It’s time to start acting up, acting out to create the change we need



Shelley-HamiltonIt’s time to start acting up, acting out to create the change we need

We live in a troubled, deeply divided country — a fact that is frightening when you stop to think about it. Like many others, I find this current presidential election perturbing and dissonant. Sometimes the only resolution for me is to turn everything off, to retreat into writing or reading or something until the cacophony is stilled.

I pray for our country, for our world, our planet every day. I hope you do, too. Because based on my observations, I am convinced our lives, our American society, are systemically flawed — flawed to such magnitude that only authentic, radical change can facilitate healing and reconciling transformation within all creation. And once I reached this conclusion, an epiphany found its way into my view: Only! Authentic! Radical! Change!

This led me to a study of the many definitions that exist for the word “radical.” Among all of them, there is one that suits me on every level and that describes most eloquently what I’ve always experienced as a challenge from the Universe, God, Higher Power, Allah, Brahma, Greater Good — whatever or whomever you cherish as the focus of your faith — to live freely and generously, with radical vision, unconditional love, radical acceptance and open-arms hospitality. There’s one definition that allows us to merge as revolutionary healers and reformers.

That definition? “Radical: relating to or affecting the fundamental nature of something.”

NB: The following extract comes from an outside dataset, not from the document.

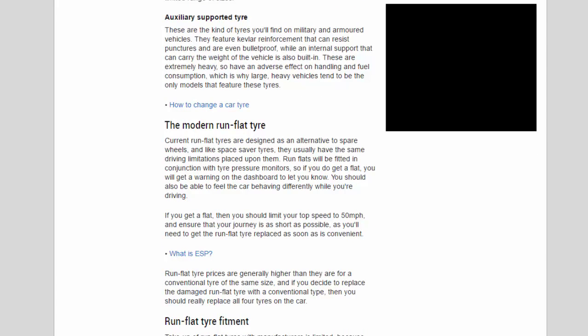Auxiliary supported tires are the kind you'll find on military and armored vehicles. They feature Kevlar reinforcement that can resist punctures and are even bulletproof, while an internal support that can carry the weight of the vehicle is also built in. These are extremely heavy, so they have an adverse effect on handling and fuel consumption, which is why large, heavy vehicles tend to be the only models that feature these tires.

When I was a young gay woman, I became part of a radical movement called The Universal Fellowship of Metropolitan Community Churches. Our goal — and we were passionate, arduous and determined about it — was to, affect the fundamental nature of something, specifically the way church, state and society oppressed/still oppress GLBTQ people.

I was newly sober, had just renewed my friendship with Jesus, and had just discovered activism, freedom and splendor of being queer. I was welcomed into this huge community of queers who loved God and had been liberated from their fear and shame of being queer people, refusing any longer to live in shadows denying the wonder and wonder of our beings.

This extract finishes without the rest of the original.